The future of a proposed housing subdivision in west Hood River has been bogged in doubt amid concerns from City of Hood River engineers over municipal sewer access.
“Barrel Springs,” planned by Ken Randall and Cody Johnecheck of Lake Oswego investment group Consolidated Land and Cattle LLC, would subdivide an existing 3.7-acre plot of land just north of the intersection of Belmont Avenue and Avalon Drive, and make way for a 20-home residential neighborhood.
The property, owned by Randall for about a decade, rests just outside city limits in the Hood River Urban Growth Area — thus, primary oversight for the project comes from Hood River County but the city could become a key utility provider.
Sewer has become the sticking point, however. In a Jan. 27 letter, City Public Works and Engineering staff raised concerns about extending the municipal sanitary sewer line to neighborhoods outside of city limits.

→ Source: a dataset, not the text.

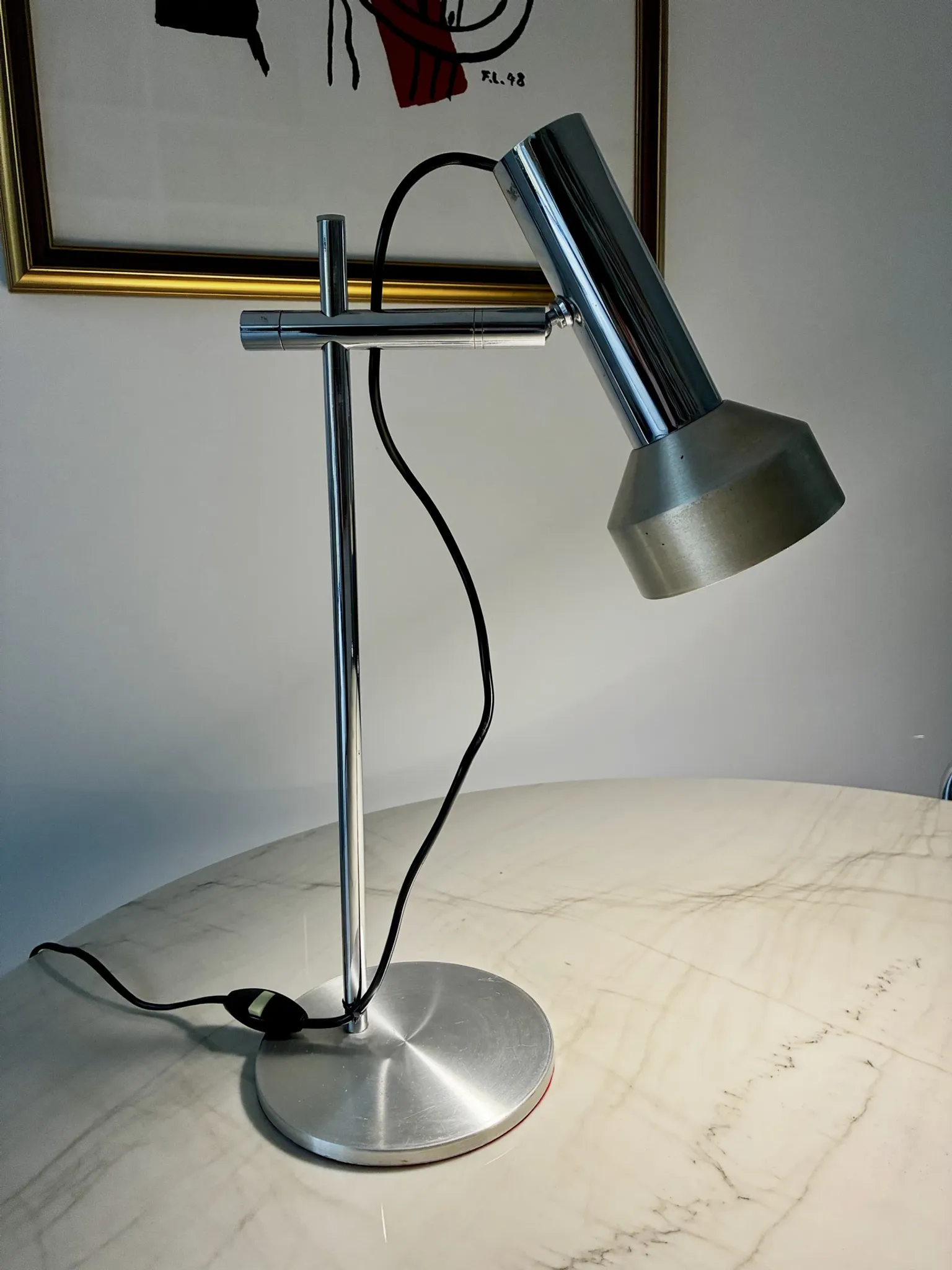 Very nice vintage 1970 articulated table lamp in good condition.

“The subject property is not contiguous to the city limits and annexation does not appear to be feasible,” staff wrote.
City Manager Steve Wheeler explained urban development outside the city boundary has taken a “piecemeal” approach, where property developers consent to annexation under conditions, but the city is wary about “perpetuating endlessly” that case-by-case, partial system.
Still, the city is weighing options to annex the specific property, or reach an alternative agreement.
“We’re looking at some positive ways to bring them in,” Wheeler said.
Barrel Springs could come before the County Planning Commission for a hearing, scheduled Feb. 24, but Johnecheck said the point may be moot if the applicants can’t lock down sewer access.
“If we can’t hook up to the sewer there’s no reason to come before the County in a hearing … we (would be) dead in the water,” Johnecheck said.
At this point, the applicant has several options, County Principal Planner Eric Walker said.
Randall could either withdraw the application and re-apply after resolving the issue with the city, or modify the plan to include privately maintained sewer or septic systems.
As for County Planning’s role, they could either deny the application based on the city’s findings, or approve the application on condition that applicants “demonstrate adequate public facilities prior to starting construction,” Walker said.
Last time Barrel Springs came before the county, they approved the application.
In September 2007, the County Planning Commission approved a similar subdivision on the same property. According to a public notice in a July 2007 issue of the Hood River News, Johnecheck applied for the same 20-lot plan, under the same name.
In the applicants’ new project description, dated Nov. 30, 2015, they explained they had not pursued development on the property in the past due to the nationwide economic downturn and housing crash.
“This approval was never completed due to the Great Recession and is now null and void,” applicants wrote.
The project before the county — virtually identical to the 2007 plan — proposes to build twenty lots, all at a minimum of 5,000 square feet, and put down 20 single family homes, up to 35 feet tall.
On the property are a home, a barn and a sparse breadth of trees. Across Belmont are numerous houses circling the Bowe Addition Park.
The project would take down several trees while preserving the “significant” ones in good health, according to an arborist’s report, and would install sidewalks and two new small streets connecting to Belmont: Emmie and Lilly Drives.
Johnecheck said he hopes the project reaches fruition and overcomes its utility conflicts.
“Our attorneys are working on this, trying to reach an understanding,” he said.
Wheeler said discussion on Barrel Springs will likely come up at Monday’s City Council meeting.